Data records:
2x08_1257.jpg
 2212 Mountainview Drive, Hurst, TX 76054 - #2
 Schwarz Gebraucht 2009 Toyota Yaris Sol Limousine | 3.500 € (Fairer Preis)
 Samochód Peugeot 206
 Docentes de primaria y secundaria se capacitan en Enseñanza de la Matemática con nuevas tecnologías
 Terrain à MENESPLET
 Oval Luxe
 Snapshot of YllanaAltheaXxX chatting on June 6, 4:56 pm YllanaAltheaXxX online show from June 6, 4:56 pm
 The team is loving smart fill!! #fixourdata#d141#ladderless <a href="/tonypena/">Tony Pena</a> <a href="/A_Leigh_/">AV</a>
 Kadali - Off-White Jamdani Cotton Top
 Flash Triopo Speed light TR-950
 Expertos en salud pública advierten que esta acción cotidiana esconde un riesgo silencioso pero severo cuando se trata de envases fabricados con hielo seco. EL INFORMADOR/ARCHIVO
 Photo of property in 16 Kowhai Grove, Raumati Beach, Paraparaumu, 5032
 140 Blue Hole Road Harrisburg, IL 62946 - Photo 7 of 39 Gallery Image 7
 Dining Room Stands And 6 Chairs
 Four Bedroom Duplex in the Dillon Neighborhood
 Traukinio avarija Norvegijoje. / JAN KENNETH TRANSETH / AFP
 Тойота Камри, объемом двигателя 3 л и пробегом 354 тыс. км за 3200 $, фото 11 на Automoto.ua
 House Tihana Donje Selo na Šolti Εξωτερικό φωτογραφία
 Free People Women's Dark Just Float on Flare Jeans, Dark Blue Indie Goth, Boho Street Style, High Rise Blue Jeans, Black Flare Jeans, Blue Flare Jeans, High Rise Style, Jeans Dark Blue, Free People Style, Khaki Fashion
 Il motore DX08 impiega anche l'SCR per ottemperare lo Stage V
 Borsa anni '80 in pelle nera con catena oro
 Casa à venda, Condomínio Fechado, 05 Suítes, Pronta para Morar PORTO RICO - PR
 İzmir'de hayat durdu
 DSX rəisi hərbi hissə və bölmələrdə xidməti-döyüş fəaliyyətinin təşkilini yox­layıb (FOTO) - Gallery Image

What you should do: Each line from the top of the entries above through the line containing "Flash Triopo Speed light TR-950" must be transcribed exactly, and no other line may appear.

Reply:
2x08_1257.jpg
 2212 Mountainview Drive, Hurst, TX 76054 - #2
 Schwarz Gebraucht 2009 Toyota Yaris Sol Limousine | 3.500 € (Fairer Preis)
 Samochód Peugeot 206
 Docentes de primaria y secundaria se capacitan en Enseñanza de la Matemática con nuevas tecnologías
 Terrain à MENESPLET
 Oval Luxe
 Snapshot of YllanaAltheaXxX chatting on June 6, 4:56 pm YllanaAltheaXxX online show from June 6, 4:56 pm
 The team is loving smart fill!! #fixourdata#d141#ladderless <a href="/tonypena/">Tony Pena</a> <a href="/A_Leigh_/">AV</a>
 Kadali - Off-White Jamdani Cotton Top
 Flash Triopo Speed light TR-950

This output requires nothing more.